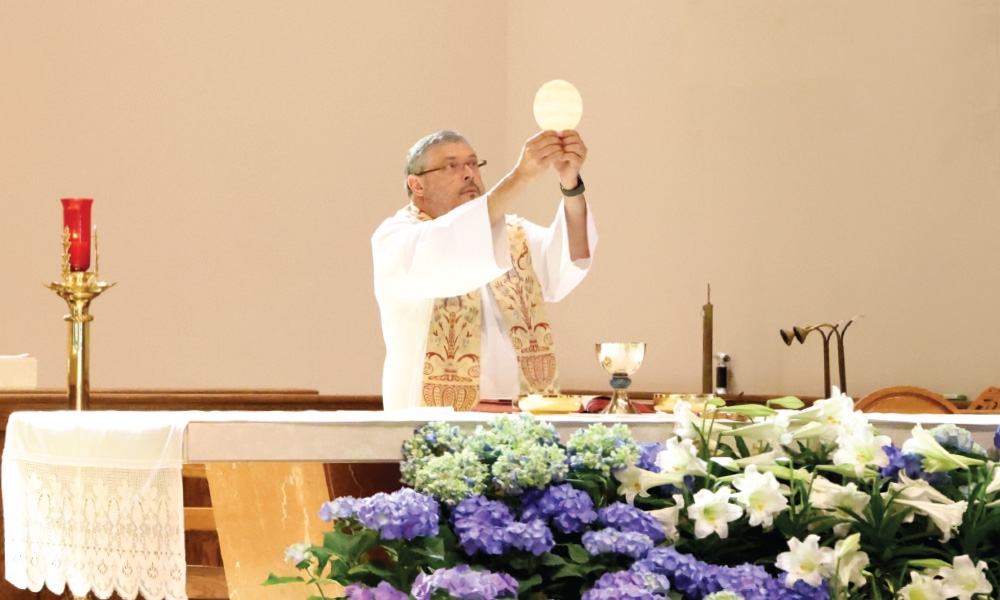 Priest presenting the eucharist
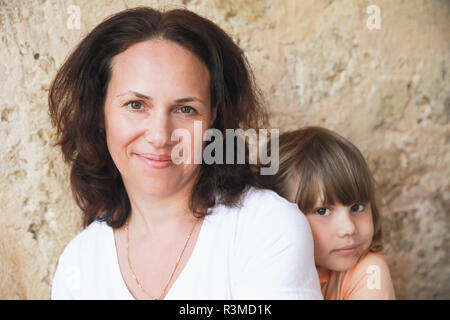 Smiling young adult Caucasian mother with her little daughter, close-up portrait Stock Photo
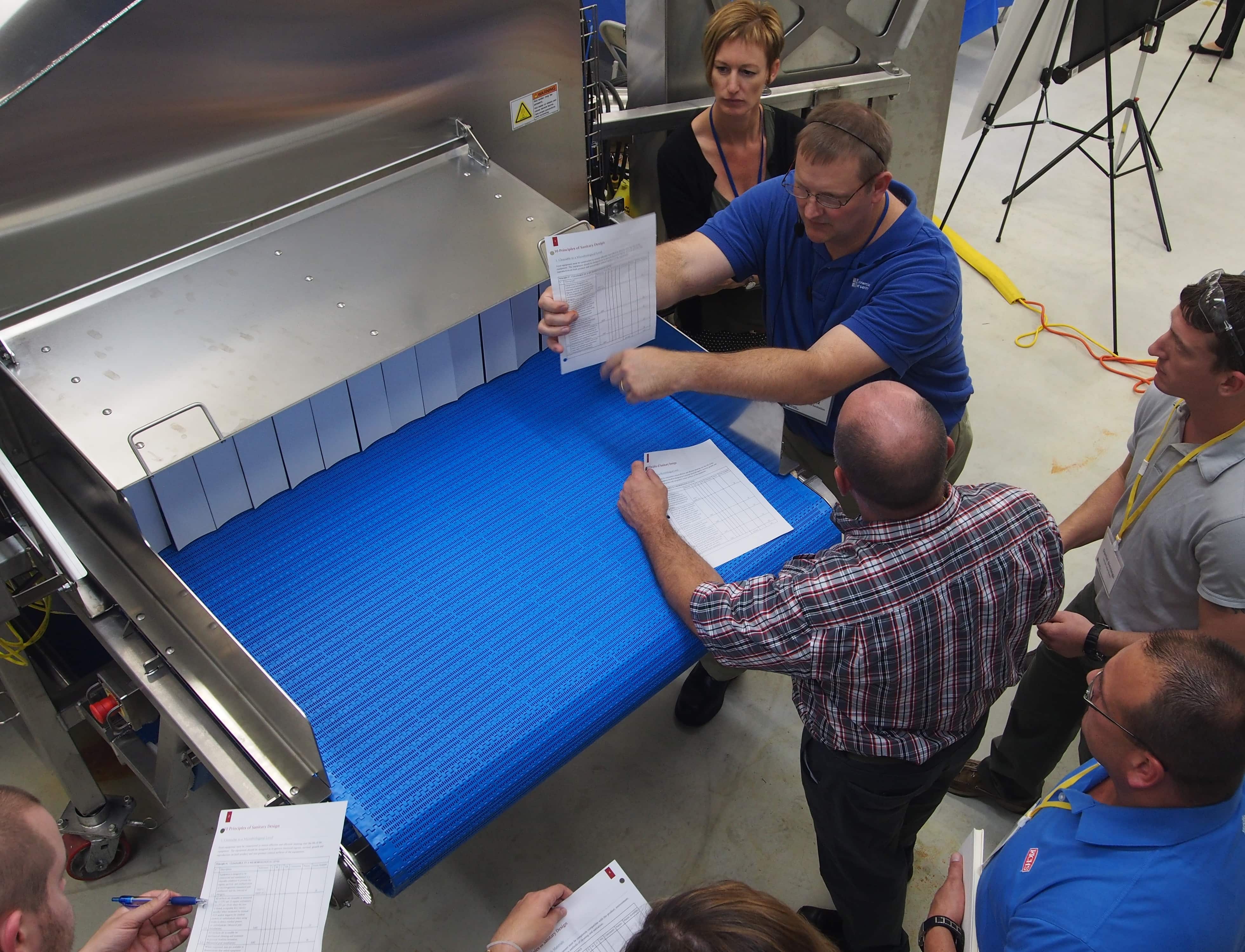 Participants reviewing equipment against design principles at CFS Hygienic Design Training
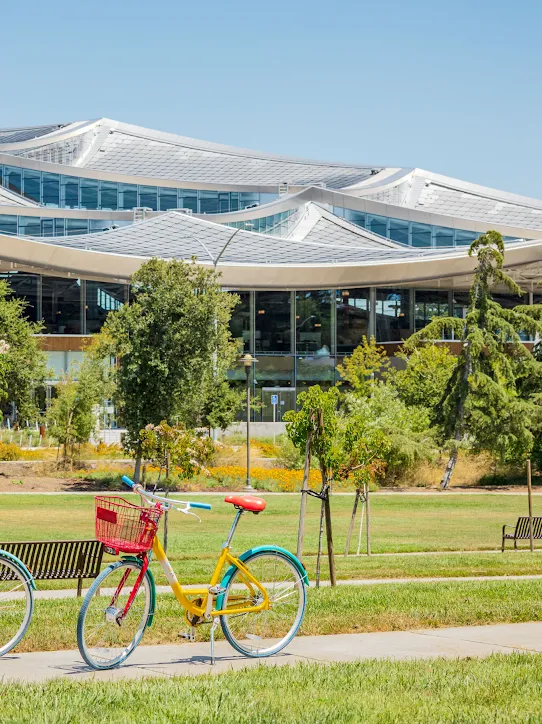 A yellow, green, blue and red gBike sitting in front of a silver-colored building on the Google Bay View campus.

- Required work: Write out the lines of the material above exactly, from its first line through the line that contains "Participants reviewing equipment", so that no picture appears in the copy.

- Solution to this exercise:
 Priest presenting the eucharist
 Smiling young adult Caucasian mother with her little daughter, close-up portrait Stock Photo
 Participants reviewing equipment against design principles at CFS Hygienic Design Training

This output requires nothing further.